Pac-Bayesian Supervised Classification: The Thermodynamics of Statistical Learning
This monograph deals with adaptive supervised classification, using tools borrowed from statistical mechanics and information theory, stemming from the PACBayesian approach pioneered by David McAllester and applied to a conception of statistical learning theory forged by Vladimir Vapnik. Using convex analysis on the set of posterior probability measures, we show how to get local measures of the complexity of the classification model involving the relative entropy of posterior distributions with respect to Gibbs posterior measures. We then discuss relative bounds, comparing the generalization error of two classification rules, showing how the margin assumption of Mammen and Tsybakov can be replaced with some empirical measure of the covariance structure of the classification model.We show how to associate to any posterior distribution an effective temperature relating it to the Gibbs prior distribution with the same level of expected error rate, and how to estimate this effective temperature from data, resulting in an estimator whose expected error rate converges according to the best possible power of the sample size adaptively under any margin and parametric complexity assumptions. We describe and study an alternative selection scheme based on relative bounds between estimators, and present a two step localization technique which can handle the selection of a parametric model from a family of those.
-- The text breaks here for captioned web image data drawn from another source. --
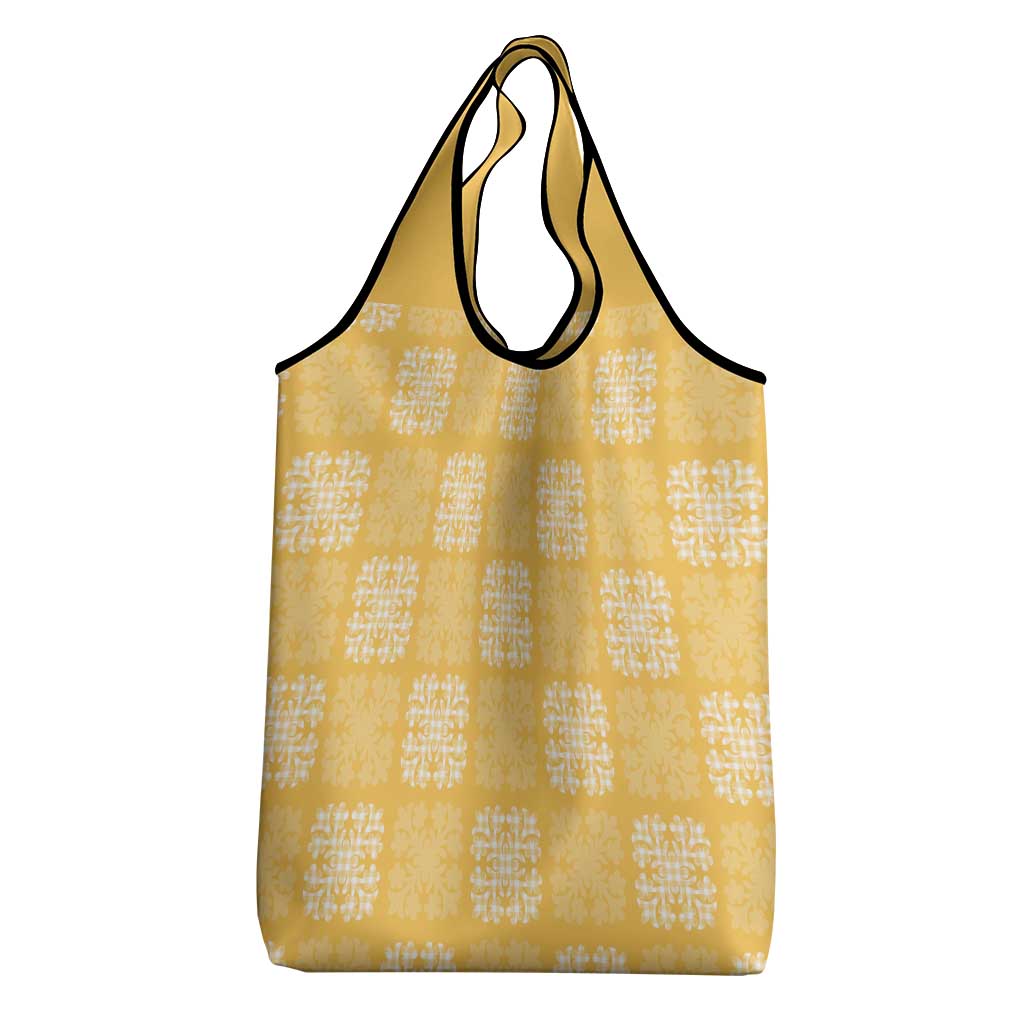 Yellow Palaka Quilt Hawaii Grocery Bag Traditional Hawaii-plaid Pattern - Polynesian Pride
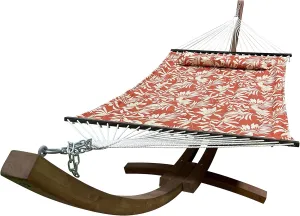 14 Ft. Wooden Arc Hammock Stand   Deluxe Quilted Double Padded Hammock Bed w/Pillow. 2 Person Bed. 450 LB Capacity(Teak Stain/Elegant Floral)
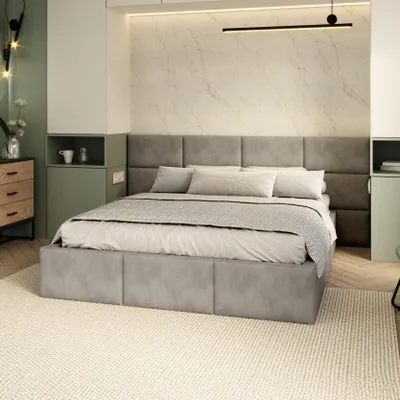 Produktbild von FDM Bett DORIS trinity 120x200 cm Polsterbett mit Lattenrost aus Metall Bettkasten Stauraumbett Samt grau Wandpaneele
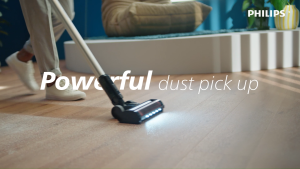 PHILIPS Cordless Vacuum 3000 Series – XC3031/61 Lightweight 1.5kg LED Nozzle 3 Layer Filtration Digital Motor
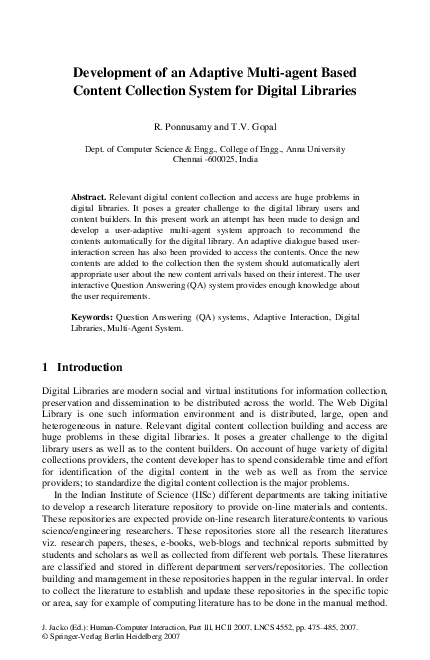 (PDF) Development of an Adaptive Multi-agent Based Content Collection ...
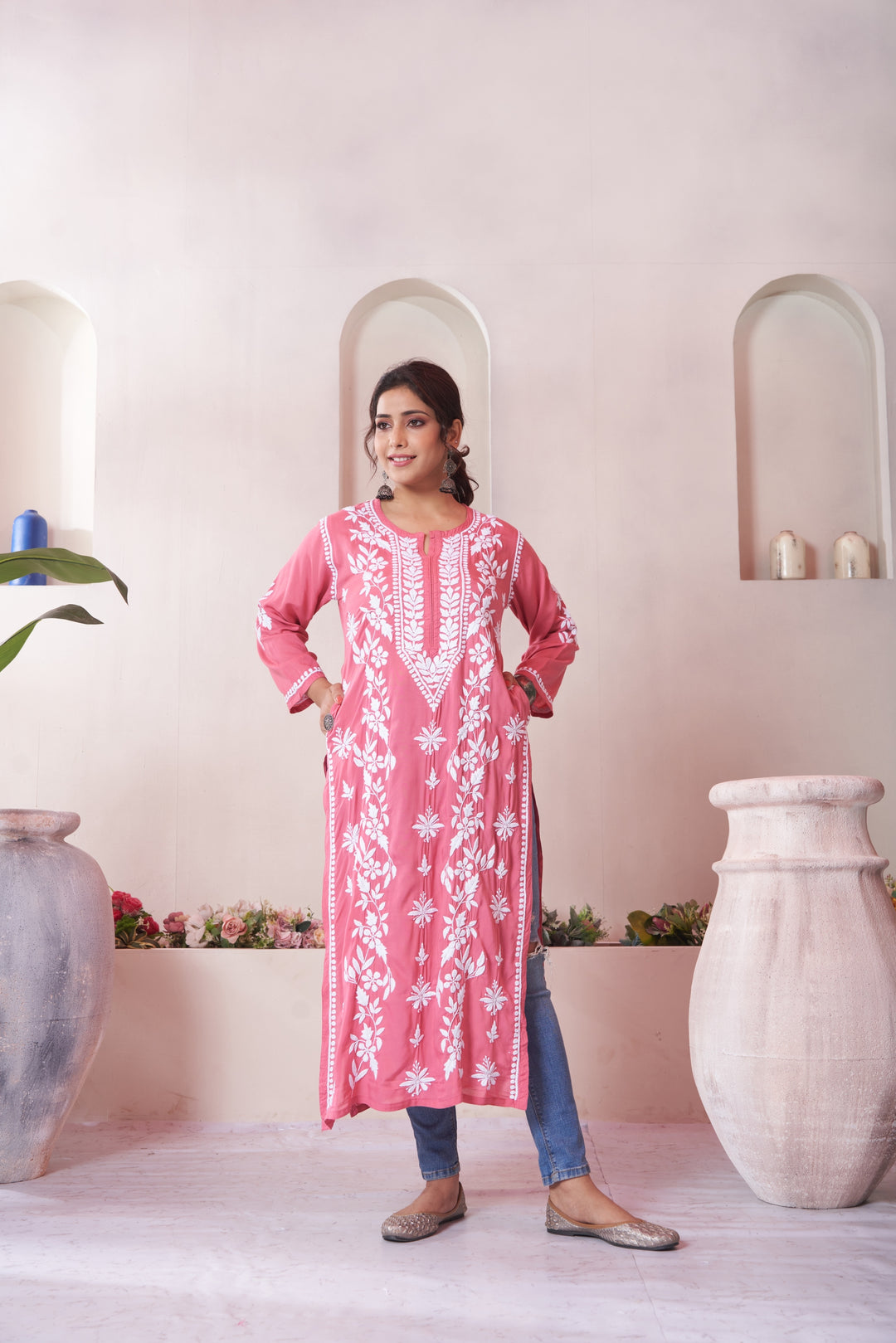 Aqeedah Chikankari Modal Pocket Kurti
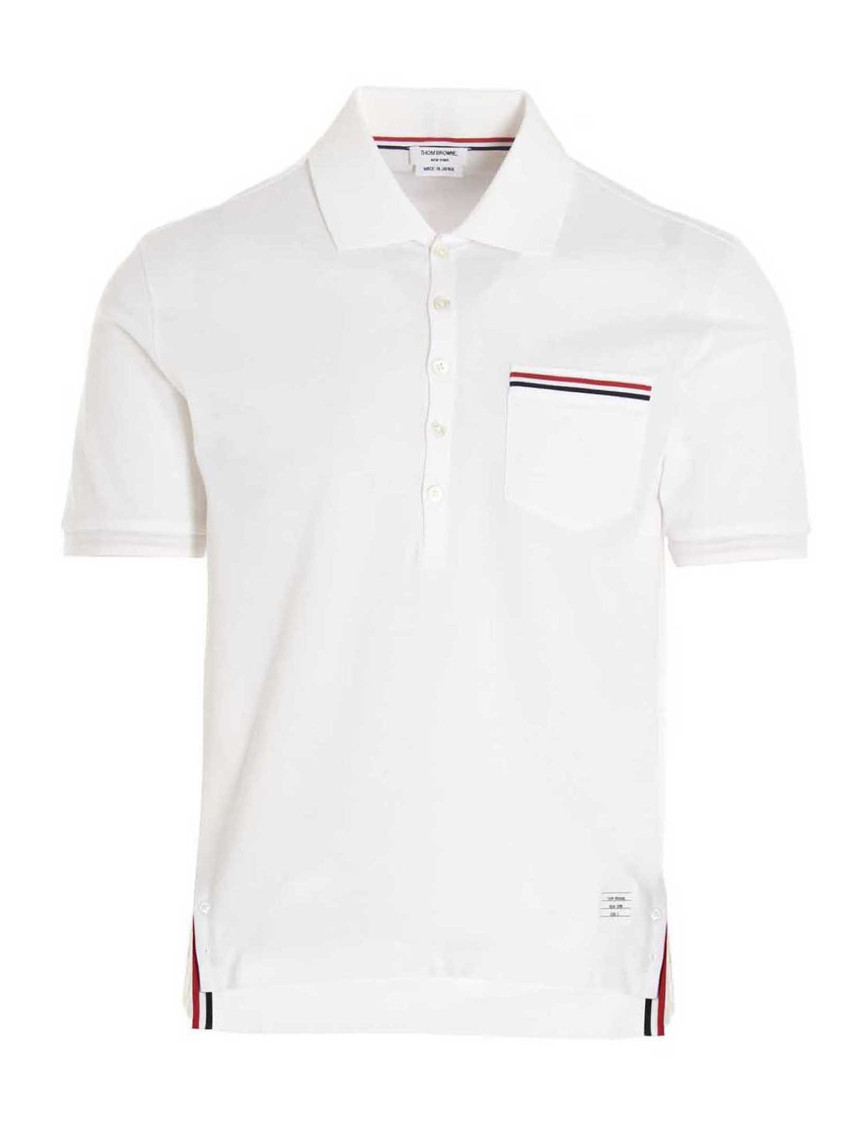 Thom Browne Cotton Polo Shirt With Ribbed Collar And Side Slits In White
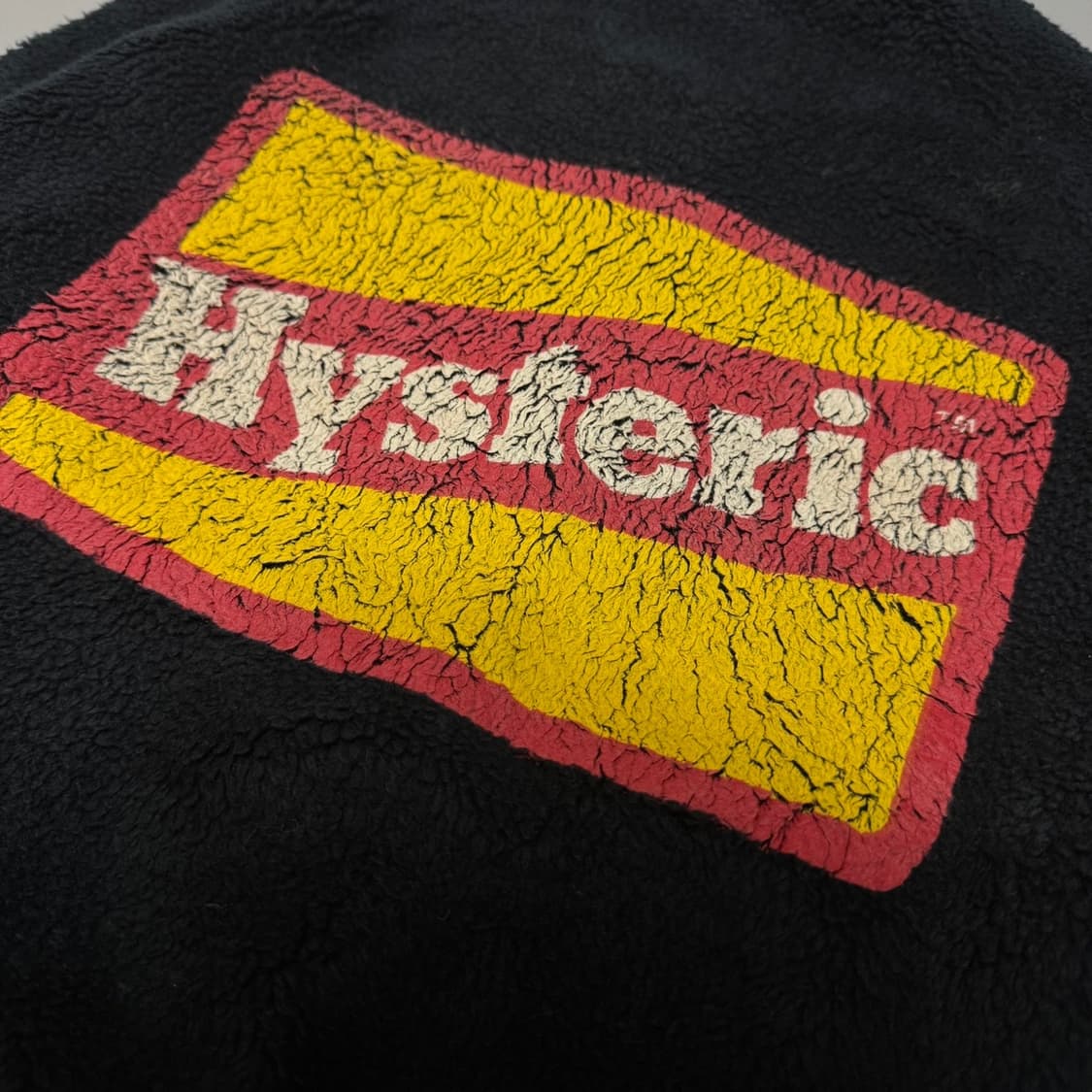 히스테릭글래머 블랙컬러 박스로고 프린트 쉐르파 스타디움 자켓  상품이미지6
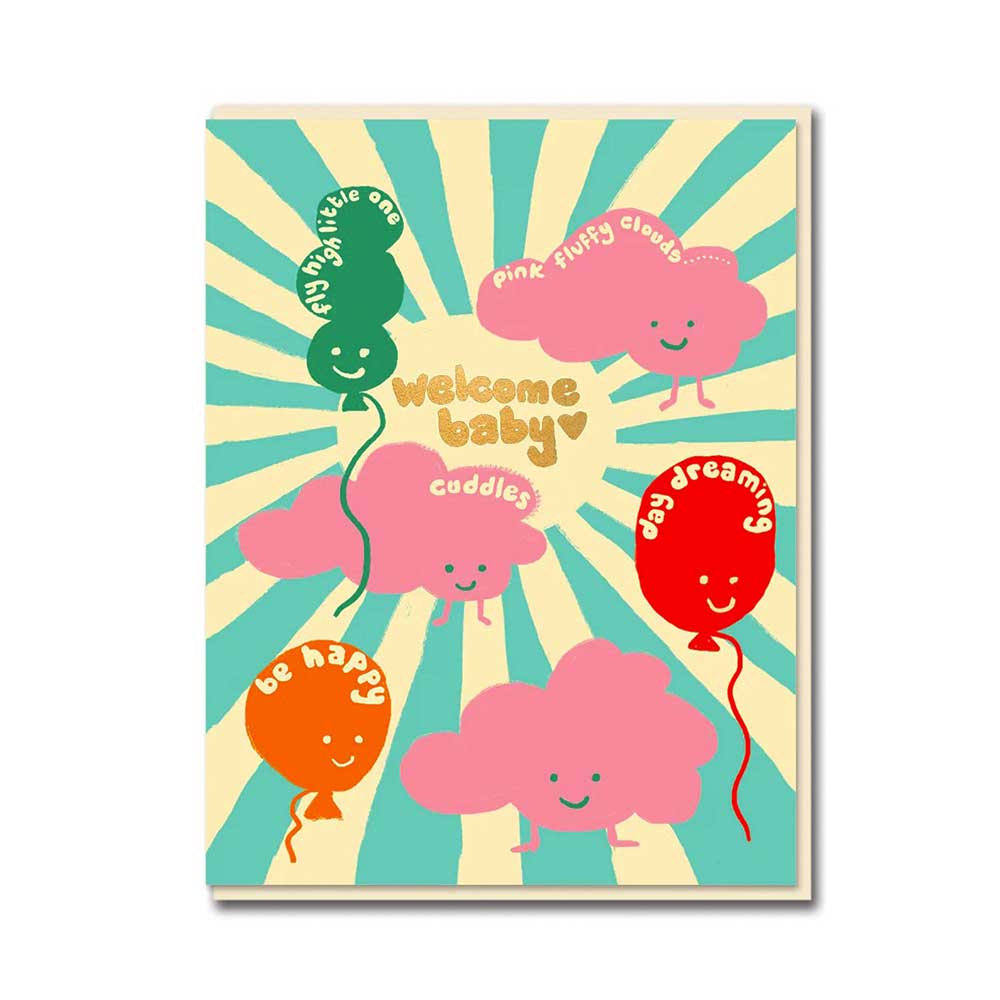 1973 baby card: smiling clouds and balloons on a teal sunburst, with 'Welcome baby'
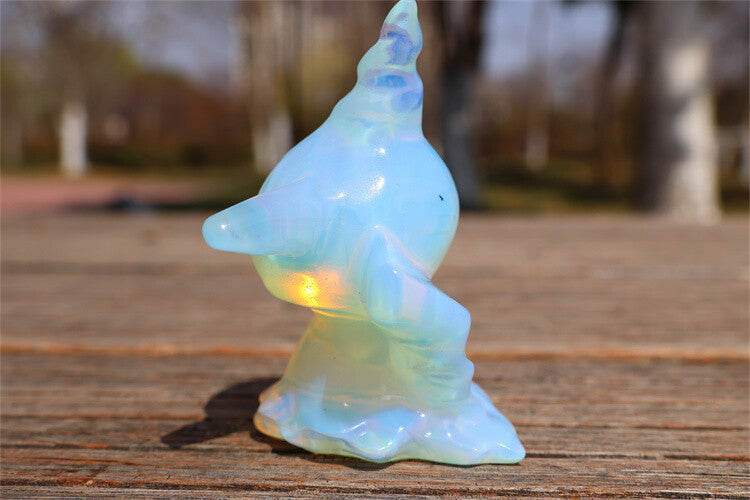 2.3'' Carved Opalite Reiki Crystal Skull Decor Crystal gift Healing 1pc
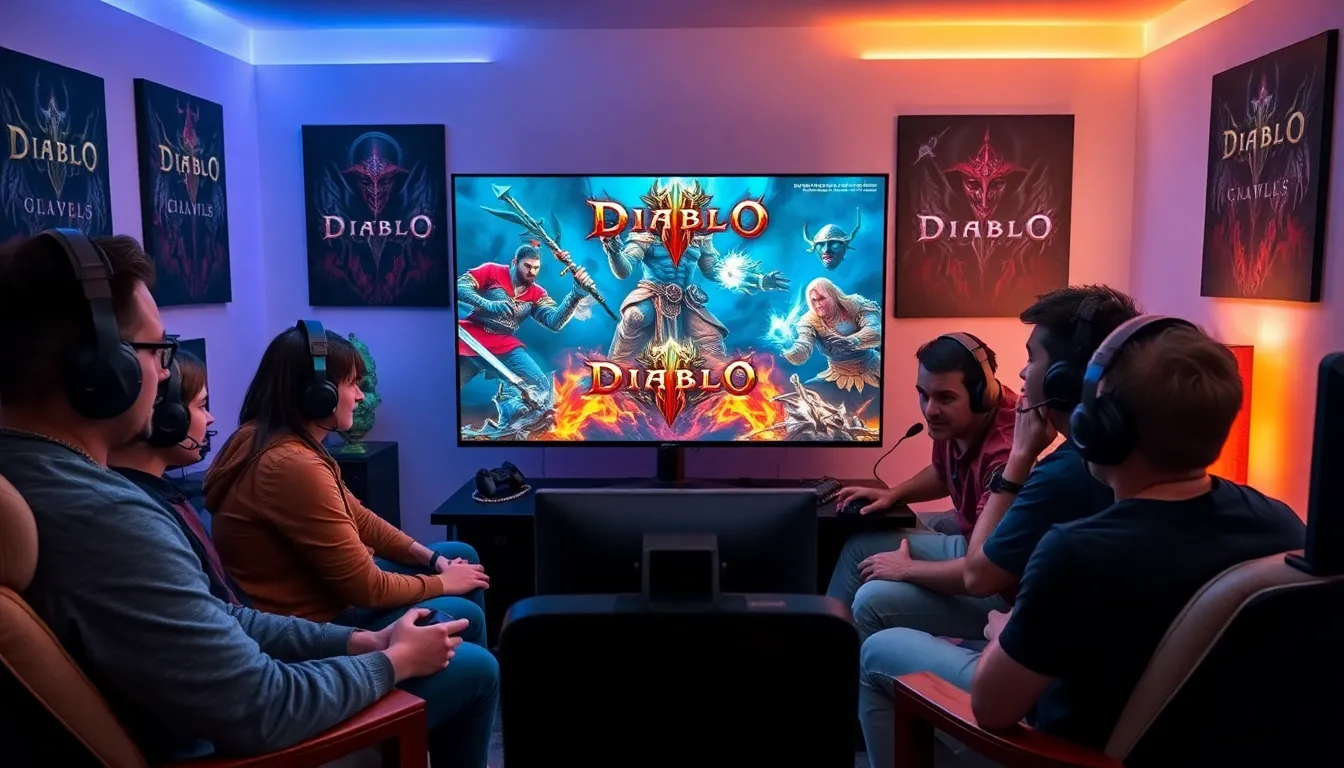 diverse gamers collaborating in a modern gaming setup.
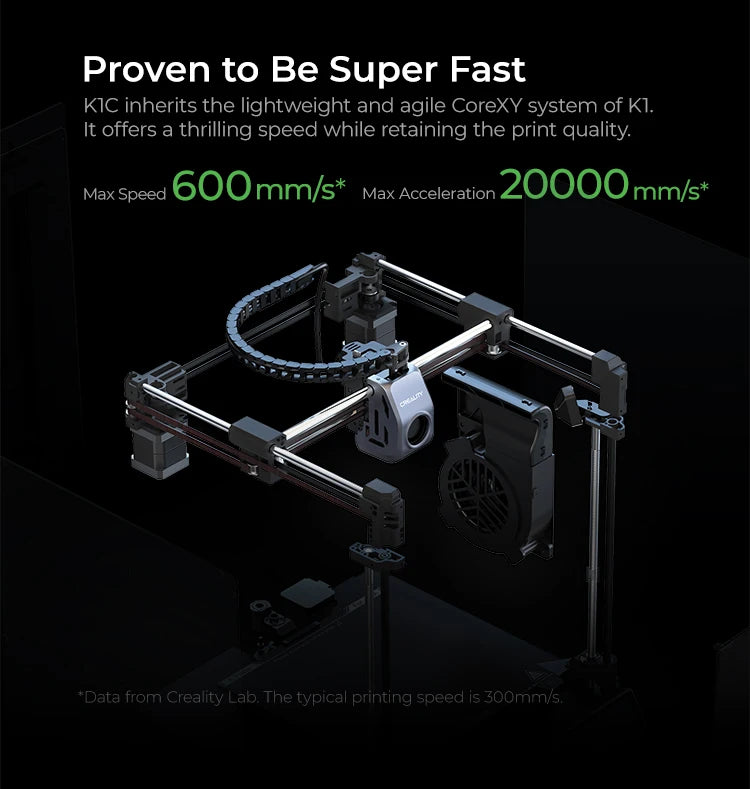 Creality K1C 3D Printer 600mm/s Auto Leveling Robust Direct Extruder Tri-High Speed Printing Upgrade K1 with AI Camera Printer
We show how to extend systematically all the results obtained in the inductive setting to transductive learning, and use this to improve Vapnik's generalization bounds, extending them to the case when the sample is made of independent non-identically distributed pairs of patterns and labels. Finally we review briefly the construction of Support Vector Machines and show how to derive generalization bounds for them, measuring the complexity either through the number of support vectors or through the value of the transductive or inductive margin.